As poucas informações oficiais divulgadas até a noite dessa terça-feira (6) dão conta de que ao menos 58 pessoas morreram no último sábado (3), quando militares estadunidenses invadiram o
território venezuelano, bombardearam pontos estratégicos e sequestraram Maduro e sua esposa, a primeira-dama Cília Flores, que foram levados à força para um centro de detenção temporária de Nova
York, nos EUA. Além de 32 militares cubanos que integravam a segurança de Maduro, a chamada Operação Resolução Absoluta vitimou ao menos 24 homens e mulheres que serviam no Exército venezuelano e
pelo menos duas civis, já identificadas. Rosa Elena Gonzáles, 80 anos, morava perto da Academia Militar da Armada Bolivariana, em La Guaira.

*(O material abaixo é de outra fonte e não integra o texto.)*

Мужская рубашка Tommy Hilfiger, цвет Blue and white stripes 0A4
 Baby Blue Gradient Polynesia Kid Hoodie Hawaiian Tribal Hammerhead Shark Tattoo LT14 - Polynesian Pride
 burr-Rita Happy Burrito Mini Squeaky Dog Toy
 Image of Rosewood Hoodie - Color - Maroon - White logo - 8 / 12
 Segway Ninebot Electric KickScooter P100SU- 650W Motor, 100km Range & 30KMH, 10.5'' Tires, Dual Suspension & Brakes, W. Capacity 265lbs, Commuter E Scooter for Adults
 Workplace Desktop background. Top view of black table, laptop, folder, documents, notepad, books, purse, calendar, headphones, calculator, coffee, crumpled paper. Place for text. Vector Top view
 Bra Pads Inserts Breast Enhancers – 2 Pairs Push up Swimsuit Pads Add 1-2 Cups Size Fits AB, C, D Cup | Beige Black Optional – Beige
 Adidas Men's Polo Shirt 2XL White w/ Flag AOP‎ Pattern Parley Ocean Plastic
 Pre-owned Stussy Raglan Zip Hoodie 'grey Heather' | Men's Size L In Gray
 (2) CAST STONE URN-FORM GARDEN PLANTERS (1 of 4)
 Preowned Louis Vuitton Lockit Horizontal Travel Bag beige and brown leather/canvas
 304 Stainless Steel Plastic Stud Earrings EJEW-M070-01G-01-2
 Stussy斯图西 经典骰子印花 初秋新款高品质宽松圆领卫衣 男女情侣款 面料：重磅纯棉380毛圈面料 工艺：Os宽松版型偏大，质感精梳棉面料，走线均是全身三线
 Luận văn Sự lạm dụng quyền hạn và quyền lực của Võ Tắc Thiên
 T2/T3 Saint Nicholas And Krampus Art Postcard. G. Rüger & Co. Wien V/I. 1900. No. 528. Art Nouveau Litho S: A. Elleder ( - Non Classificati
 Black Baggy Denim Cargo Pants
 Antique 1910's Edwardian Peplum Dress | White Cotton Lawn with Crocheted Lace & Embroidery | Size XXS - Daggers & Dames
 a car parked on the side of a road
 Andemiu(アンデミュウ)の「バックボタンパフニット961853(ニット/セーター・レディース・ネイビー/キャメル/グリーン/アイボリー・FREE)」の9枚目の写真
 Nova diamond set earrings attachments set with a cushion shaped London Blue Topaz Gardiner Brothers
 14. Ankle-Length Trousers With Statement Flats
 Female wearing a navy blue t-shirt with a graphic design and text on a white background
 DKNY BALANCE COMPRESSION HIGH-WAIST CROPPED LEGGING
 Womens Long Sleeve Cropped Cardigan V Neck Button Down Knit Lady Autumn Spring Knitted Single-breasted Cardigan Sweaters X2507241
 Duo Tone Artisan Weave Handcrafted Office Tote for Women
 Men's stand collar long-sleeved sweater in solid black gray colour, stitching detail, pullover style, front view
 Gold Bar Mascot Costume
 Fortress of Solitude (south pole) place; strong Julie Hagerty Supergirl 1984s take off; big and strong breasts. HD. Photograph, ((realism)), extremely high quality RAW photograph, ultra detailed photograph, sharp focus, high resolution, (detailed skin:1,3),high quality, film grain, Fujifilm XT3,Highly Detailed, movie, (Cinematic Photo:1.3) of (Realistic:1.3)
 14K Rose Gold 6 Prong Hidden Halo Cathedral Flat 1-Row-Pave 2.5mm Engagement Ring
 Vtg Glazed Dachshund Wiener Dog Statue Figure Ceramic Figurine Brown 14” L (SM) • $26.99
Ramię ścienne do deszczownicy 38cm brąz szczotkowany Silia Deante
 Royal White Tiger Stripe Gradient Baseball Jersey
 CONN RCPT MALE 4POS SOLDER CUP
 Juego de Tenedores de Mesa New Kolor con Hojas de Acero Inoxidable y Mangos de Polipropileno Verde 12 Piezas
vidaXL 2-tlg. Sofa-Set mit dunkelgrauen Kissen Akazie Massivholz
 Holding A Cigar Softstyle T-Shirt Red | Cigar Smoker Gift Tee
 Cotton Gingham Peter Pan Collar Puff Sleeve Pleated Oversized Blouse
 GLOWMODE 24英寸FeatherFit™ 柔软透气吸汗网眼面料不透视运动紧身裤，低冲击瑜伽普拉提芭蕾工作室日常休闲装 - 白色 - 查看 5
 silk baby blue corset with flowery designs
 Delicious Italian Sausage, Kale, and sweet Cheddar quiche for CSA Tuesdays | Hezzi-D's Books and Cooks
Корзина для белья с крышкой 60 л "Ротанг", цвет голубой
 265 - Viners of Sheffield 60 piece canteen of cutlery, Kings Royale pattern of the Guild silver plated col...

Segundo a imprensa venezuelana e agências de notícias como a EFE, ela se feriu gravemente quando sua casa foi atingida durante o ataque. Levada ao hospital, a idosa não resistiu aos ferimentos.
Seu corpo foi enterrado na segunda-feira (5), na presença de amigos, parentes e jornalistas. A segunda vítima civil dos bombardeios do último sábado já identificada é a colombiana Yohana Rodríguez
Sierra, 45 anos. Sua morte foi confirmada na segunda-feira pelo presidente da Colômbia, Gustavo Petro.